Investments in early rounds (Seed and A round) saw an increase in 2021 both in terms of the number of transactions and in dollar volume and such deals in Q2 2021 reached 126 transactions with $1.04 billion raised. Investments in more advanced rounds (B rounds and above) also continued to increase: $5.48 billion in Q2 2021, compared to $4.66 billion Q1 2021, an 18 percent increase.
A majority of capital in H1 2021 flowed to companies in the fintech sector and the cybersecurity industry with 57 transactions in fintech for approximately $3 billion, compared to 26 deals in the corresponding period last year, and $2.9 billion in capital for cybersecurity companies. Investments for food tech startups and companies were also on the rise with over $300 million in capital over 27 deals. IoT companies raised over $1 billion in Q1 and Q2 2021.
An overwhelming majority of the investments were backed by VCs – a record $10.69 billion of the $11.9 billion total, surpassing 2020’s annual figure of $9.1 billion.

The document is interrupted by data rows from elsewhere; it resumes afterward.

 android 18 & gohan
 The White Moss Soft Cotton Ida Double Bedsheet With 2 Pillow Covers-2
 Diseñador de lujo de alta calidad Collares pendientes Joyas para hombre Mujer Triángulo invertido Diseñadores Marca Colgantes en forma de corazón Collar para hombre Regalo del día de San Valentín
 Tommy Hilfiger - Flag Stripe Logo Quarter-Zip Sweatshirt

Foreign investors also continued to be more involved than Israeli investors, though the latter took a much more active approach in H1 2021, making more investments than the quarterly average.

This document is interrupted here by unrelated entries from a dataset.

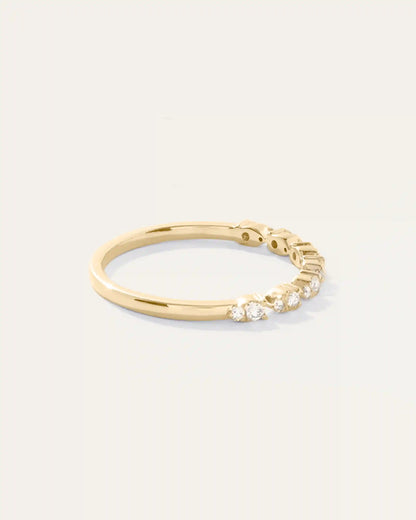 14K Gold Pear Diamond Half Eternity Band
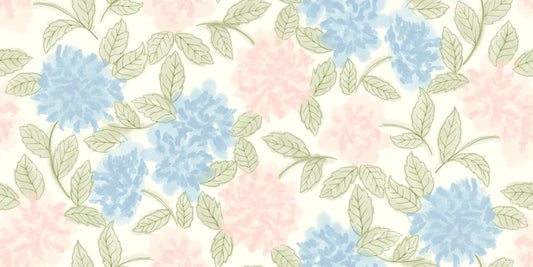 Soft Watercolor Hydrangea Bloom Wallpaper⁠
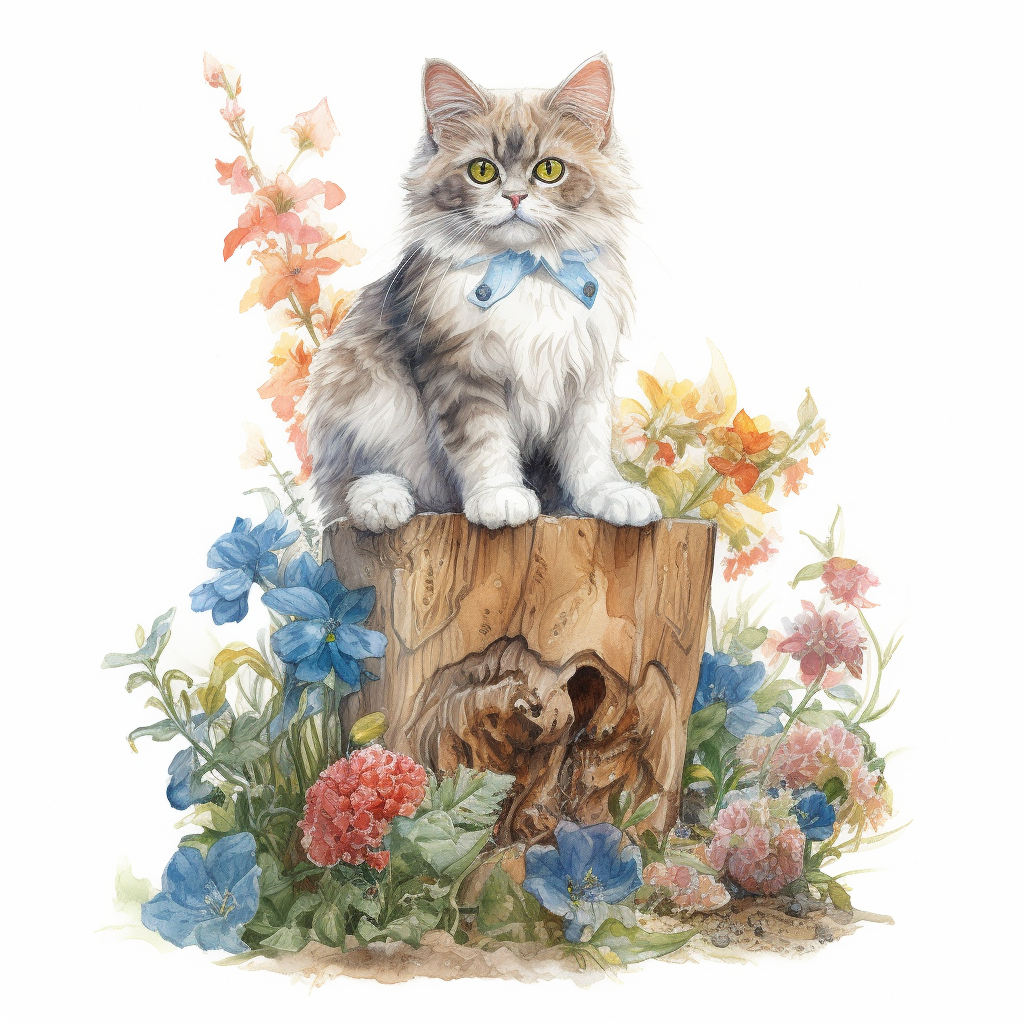 cat sitting cliparts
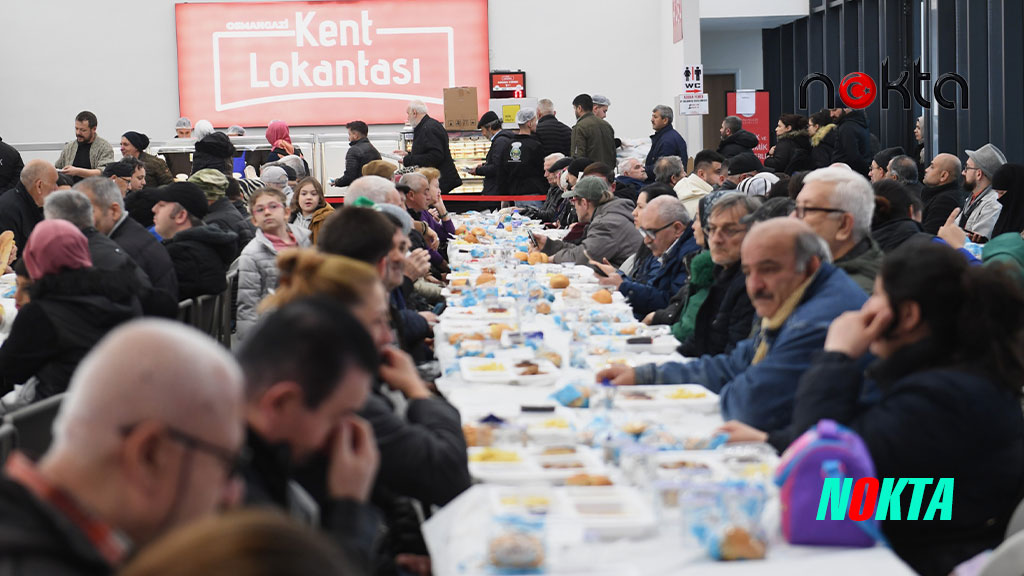 Osmangazi’nin iftar sofraları dolup taşıyor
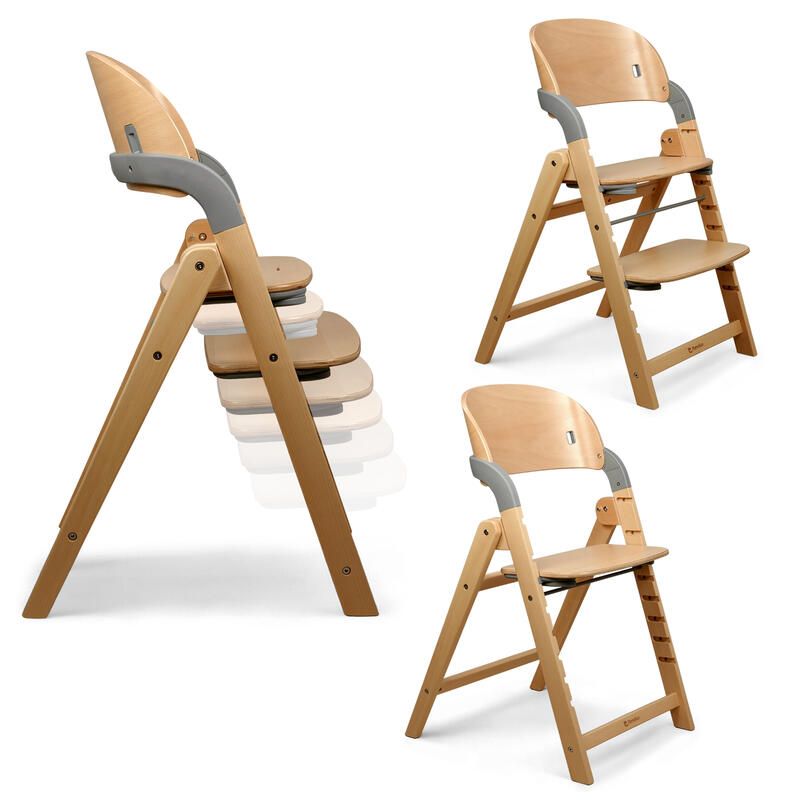 Chaise haute Meridio Natural Graphit - renolux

Foreign investors put in over $4.5 billion in capital in H1 2021 while Israeli investors invested over $1.6 billion, according to the report.

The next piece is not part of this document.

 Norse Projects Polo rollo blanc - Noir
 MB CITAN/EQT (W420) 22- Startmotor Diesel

“According to the findings observed during the first half of 2021, it seems that the Israeli high-tech industry continues to be a strategic target for foreign venture capital investors, with technology companies benefiting from generous investments at every stage, with serious investors participating in earlier stages, which is reflected in greater fundraising volumes, and leads to increased chances of survival,” said Senior IVC Analyst Mariana Shapira in a statement.
SPACs and IPOs – Israeli companies
Israeli high-tech activity in the US, Israel and other public capital markets increased significantly in H1 2021, according to the report. This was reflected in the number of initial public offerings (IPOs), SPAC (special-purpose acquisition company) transactions, and follow-on offerings over the past six months.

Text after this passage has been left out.